What was your first job after graduation?
I managed a number of short consultancies for eight months, then joined the Rainforest Alliance in their forestry certification program as an intern. I had researched this extensively as a graduate student, so it was a logical place to start. I was immediately trained as a forest auditor, and within a few months was flying into the heart of the Bolivian Amazon to assess a forest concession.
What are you doing now and what led you there?
I’m currently Vice President, Landscapes and Livelihoods – the division leading our field work – at the Rainforest Alliance. I am also the global lead on climate and concentrate a lot of my energy on climate change adaptation, resilience and mitigation. The Rainforest Alliance is an international conservation organization based in New York that works with over 3,000 businesses, over 1.3 million farmers, in over 80 countries, and has certified over 38 million hectares of forest to FSC standards.
What is your fondest memory of your time at UBC?
I lived for a summer in Williams Lake and worked in the Alex Fraser Research Forest. I really enjoyed all the very practical and real-world forestry concerns embodied in a small university forest. I also did a few stints as a teaching assistant with the fall camp, and I really loved helping students on plant identification.
If you weren’t working where you are now what profession would you most like to try?
I’d still be trying to solve a global problem. If not forests and climate change, I’d probably be at a think tank working on urban sustainability issues.
What is the toughest business or professional decision you’ve had to make?

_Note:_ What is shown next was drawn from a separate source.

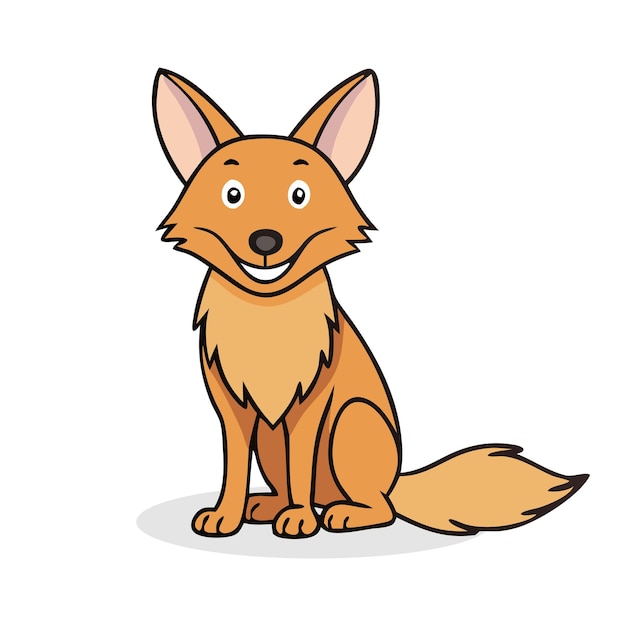 Ilustración vectorial plana al estilo de los dibujos animados de animales chacal sobre un fondo blanco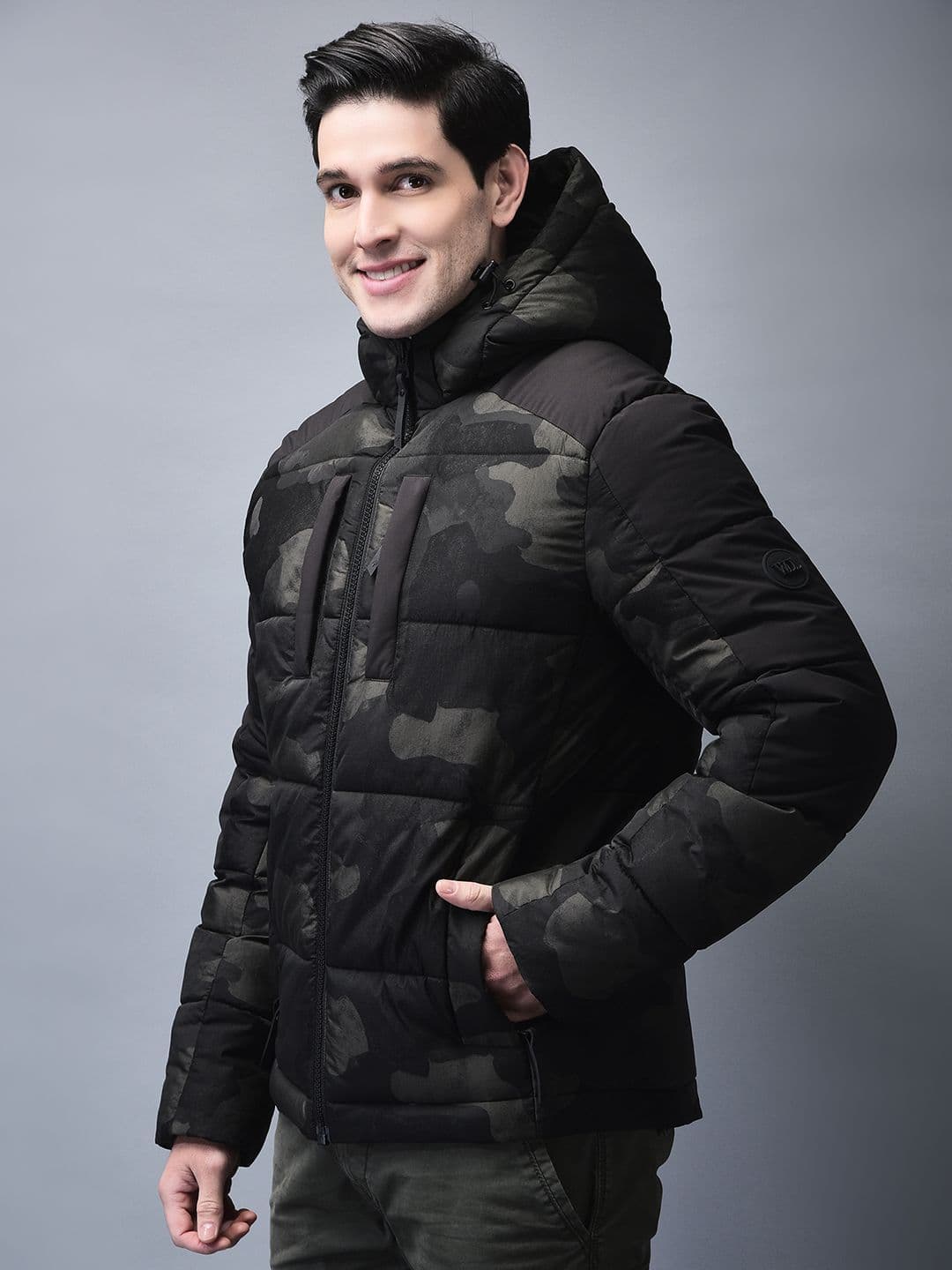 Woodland Men Hooded Camouflage Printed Casual Padded Jacket - view 1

In 2002, I had to oversee a process to revoke the FSC certificates of Perum Perhutani, the Indonesian parastatal teak plantation company. This meant that the majority of the teak garden furniture industry, which had become very supportive of certification, would need to both phase out their teak certified product lines and identify new sources of supply within a very narrow time frame. There was a lot of hostility and open threats to me and the Rainforest Alliance. It was a hard time. But it also demonstrated that certifiers will revoke certificates.
Do you have any advice for students currently in Forestry or recent graduates?
Get practical experience in the area of forestry that really calls to you, even if it’s not necessarily the most lucrative opportunity. Also, find one thing in your position that you can be the expert or specialist in, even while maintaining an ability to be a well-rounded generalist, so you emerge as the go-to person in your company for something.